[REQUIRED ACTION]: The material below is to be copied exactly from the line with "To be able to" up to and including the line with "Hi everyone. In", with nothing else kept and no pictures.

[SUPPLIED DATA — start]

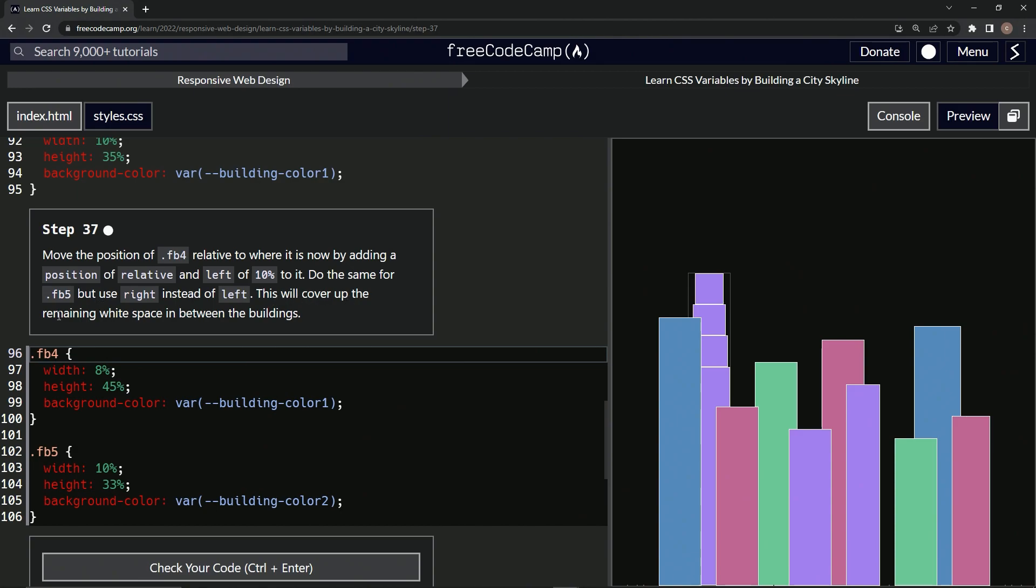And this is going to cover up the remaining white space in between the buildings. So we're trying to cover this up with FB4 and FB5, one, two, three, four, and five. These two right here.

[SUPPLIED DATA — finish]
[SUPPLIED DATA — start]

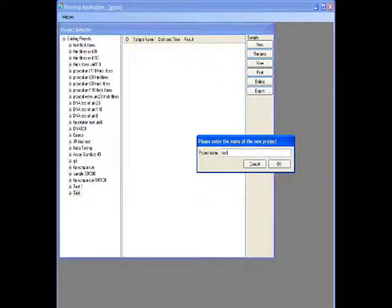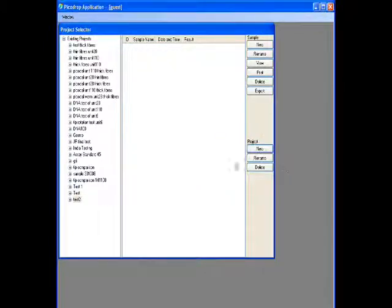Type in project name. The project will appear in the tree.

[SUPPLIED DATA — finish]
[SUPPLIED DATA — start]

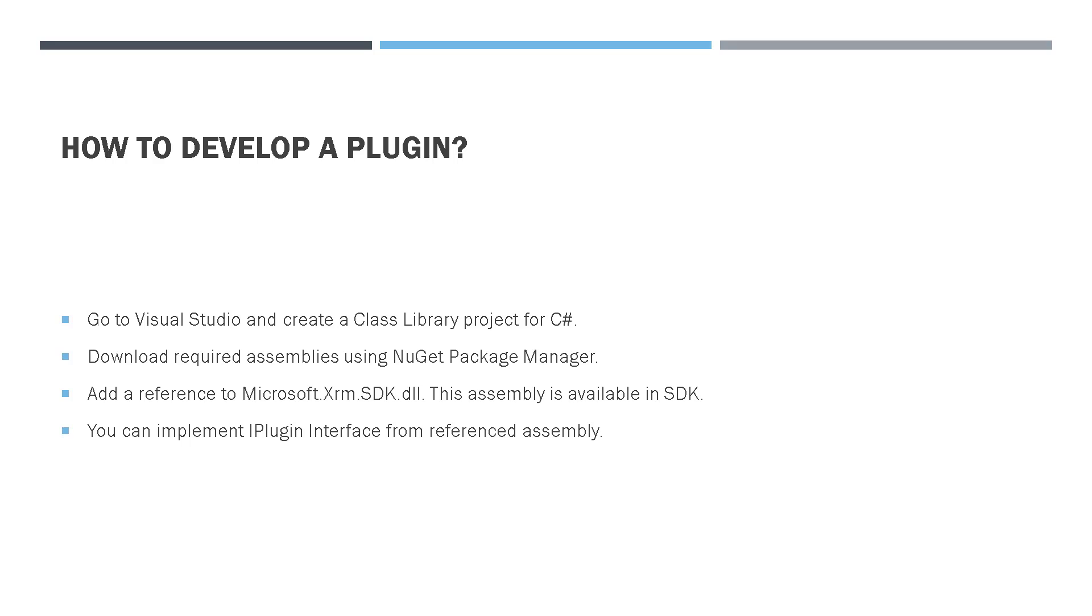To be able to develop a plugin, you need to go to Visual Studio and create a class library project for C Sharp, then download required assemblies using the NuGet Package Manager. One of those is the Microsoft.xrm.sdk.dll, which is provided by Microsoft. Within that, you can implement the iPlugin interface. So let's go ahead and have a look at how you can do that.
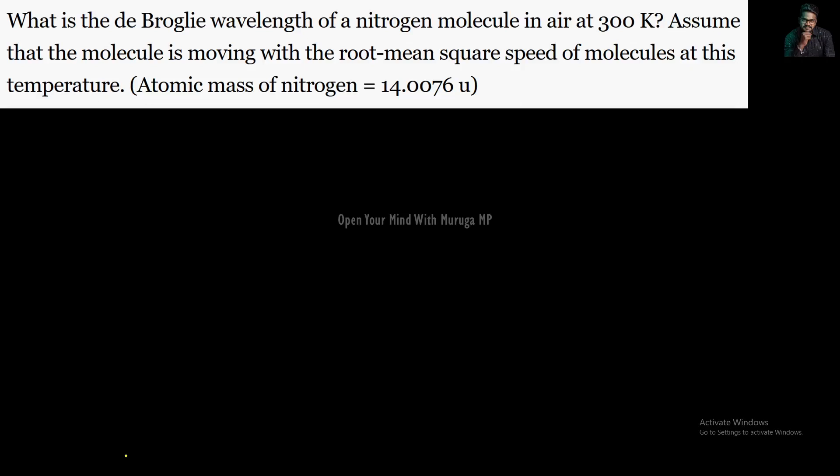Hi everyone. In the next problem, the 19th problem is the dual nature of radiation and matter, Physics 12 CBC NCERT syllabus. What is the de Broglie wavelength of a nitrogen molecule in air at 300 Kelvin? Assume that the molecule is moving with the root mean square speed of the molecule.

[SUPPLIED DATA — finish]

[WRITTEN REPLY]:
To be able to develop a plugin, you need to go to Visual Studio and create a class library project for C Sharp, then download required assemblies using the NuGet Package Manager. One of those is the Microsoft.xrm.sdk.dll, which is provided by Microsoft. Within that, you can implement the iPlugin interface. So let's go ahead and have a look at how you can do that.
Hi everyone. In the next problem, the 19th problem is the dual nature of radiation and matter, Physics 12 CBC NCERT syllabus. What is the de Broglie wavelength of a nitrogen molecule in air at 300 Kelvin? Assume that the molecule is moving with the root mean square speed of the molecule.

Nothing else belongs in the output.